- Given information
┏━━

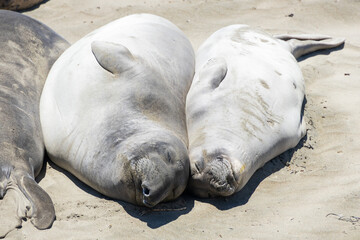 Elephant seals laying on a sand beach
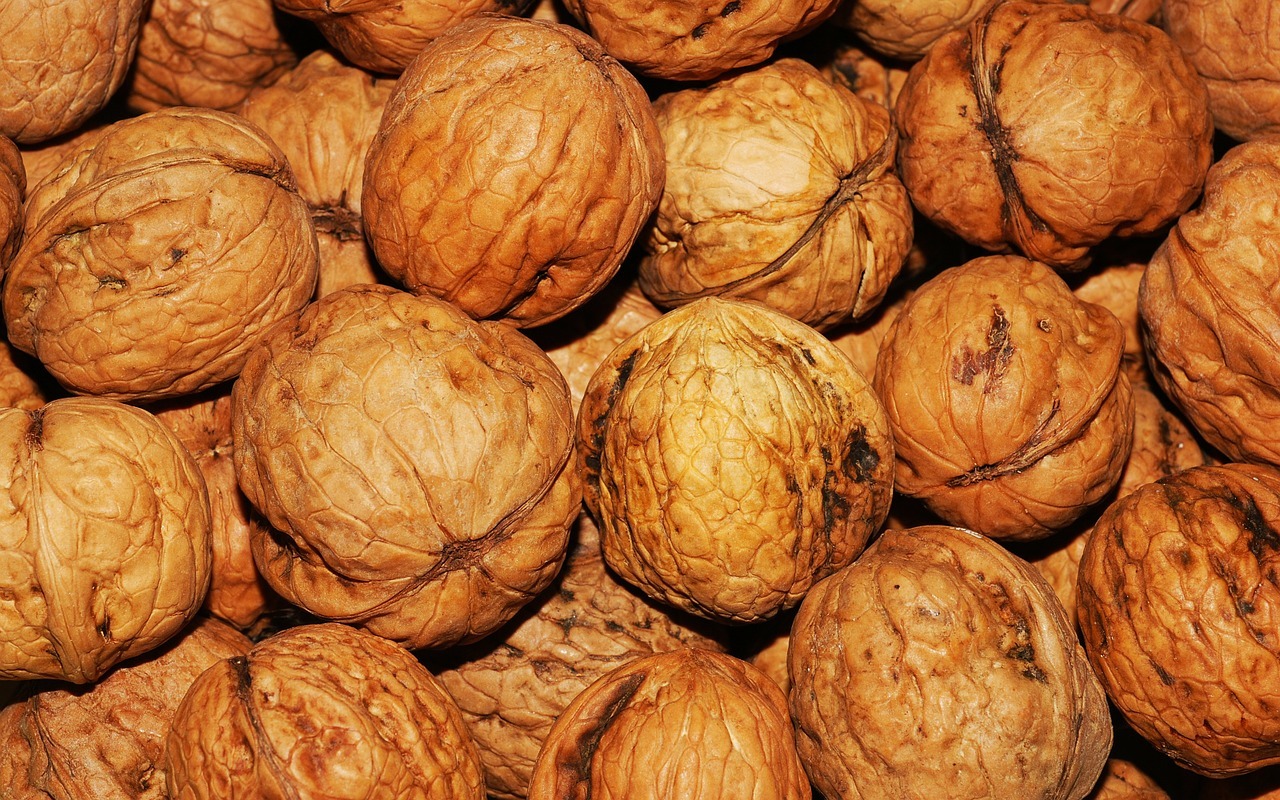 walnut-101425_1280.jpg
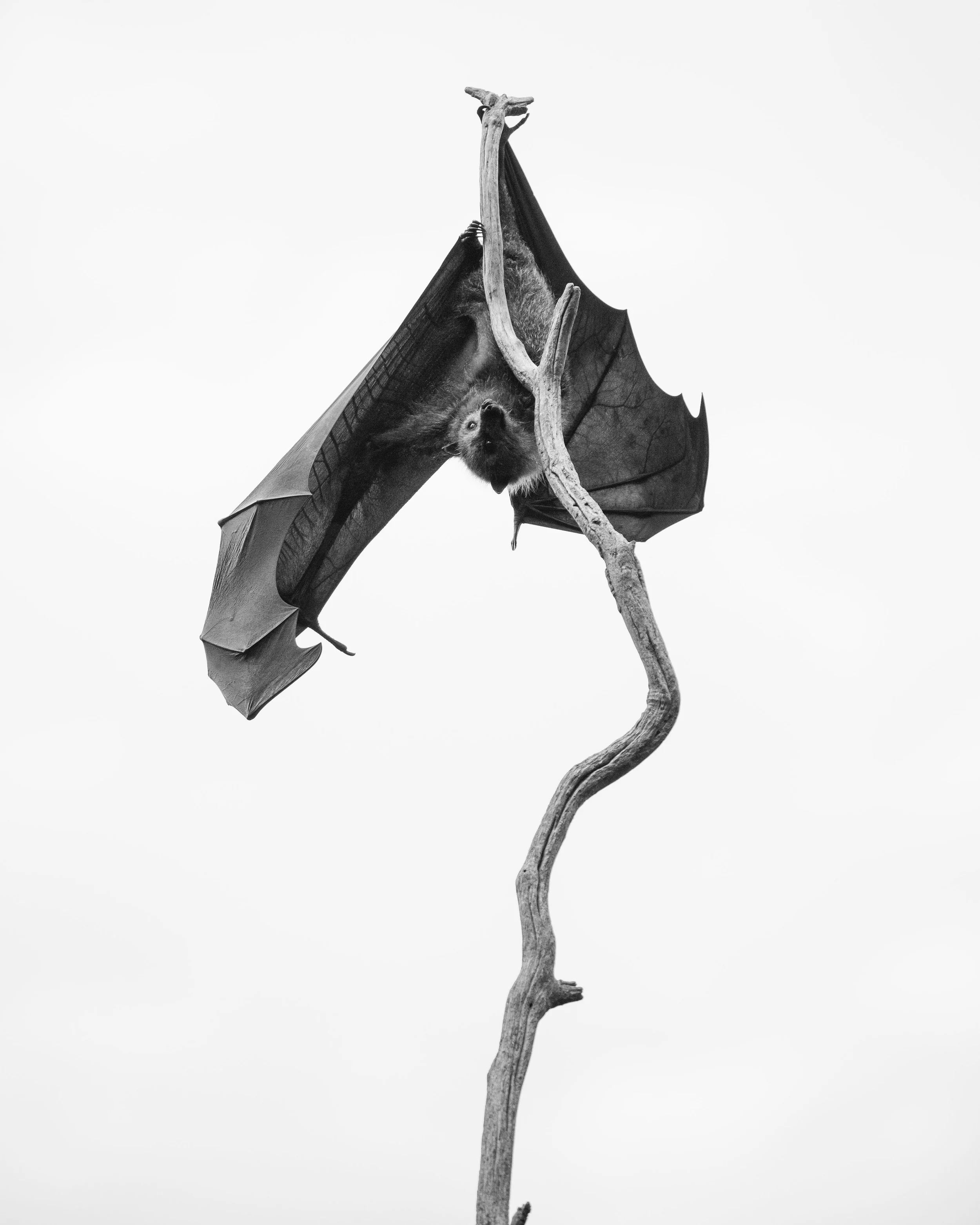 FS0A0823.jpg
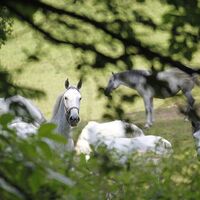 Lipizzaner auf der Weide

┗━━

- What this task involves
Where the line containing "walnut-101425_1280.jpg" appears, begin writing out the lines word for word, and continue through the last line of the data, leaving out pictures.

- Finished exercise
 walnut-101425_1280.jpg
 FS0A0823.jpg
 Lipizzaner auf der Weide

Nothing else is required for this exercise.